** Opening Supplied data block **

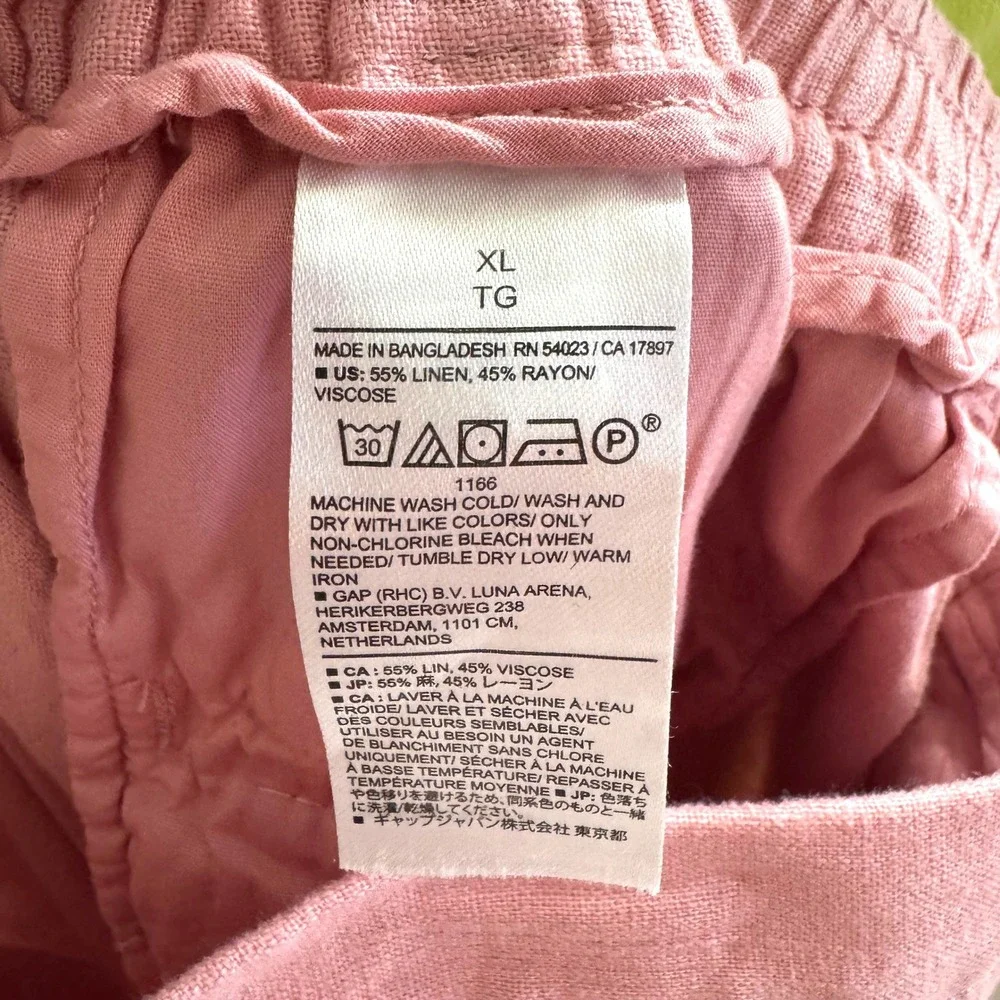 Banana Republic Pink Linen Blend Wide Leg Cropped Pants Womens XL Elastic Waist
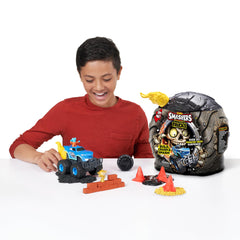 Quicksand-style pieces add excitement as you pull and assemble trucks.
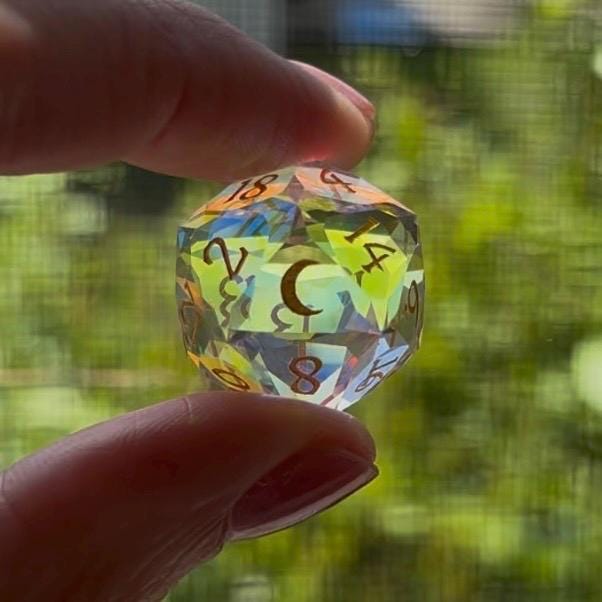 Moon Rainbow Prism Engraved 7 Piece Dice Set DND
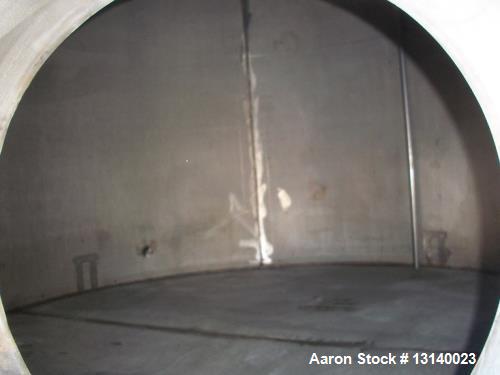 Used Alloy Fabricators Vertical Storage Tank. Approximately 8,000 gallon, 304 stainless steel. 10' diameter x 14'-3" high straight side. Design 3" water (EXT), 6" water (INT) at 140 degrees F. Flat b...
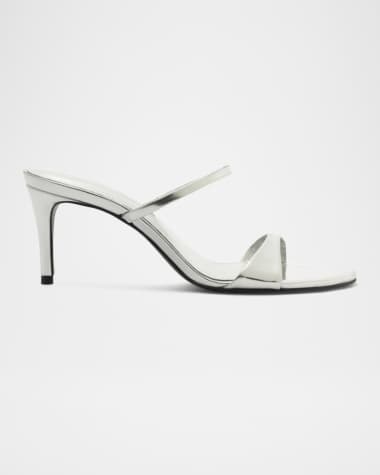 Schutz Jessica Leather Mid-Heel Mule Sandals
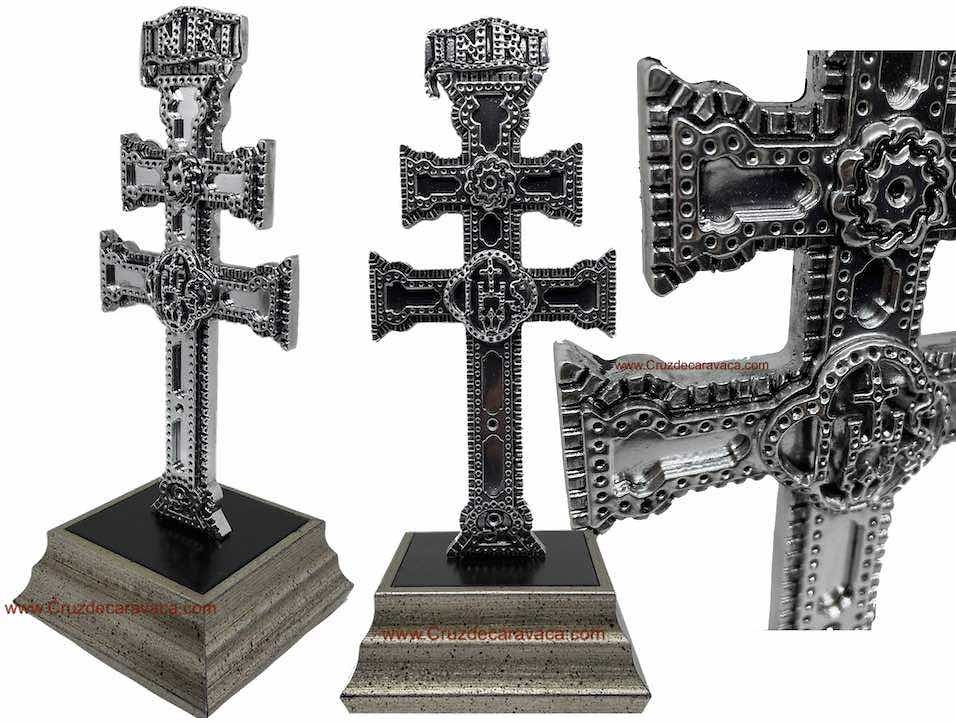 REPLICA AUTHENTIC CARAVACA CROSS WITH CARVED WOODEN BASE HOLY YEAR 2024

** Closing Supplied data block **

* _Aim of the task_
Which lines run from the one containing "Used Alloy Fabricators" to the end of the data above? Set down those lines exactly, and only those, without any pictures.

* _Solution to this task_
 Used Alloy Fabricators Vertical Storage Tank. Approximately 8,000 gallon, 304 stainless steel. 10' diameter x 14'-3" high straight side. Design 3" water (EXT), 6" water (INT) at 140 degrees F. Flat b...
 Schutz Jessica Leather Mid-Heel Mule Sandals
 REPLICA AUTHENTIC CARAVACA CROSS WITH CARVED WOODEN BASE HOLY YEAR 2024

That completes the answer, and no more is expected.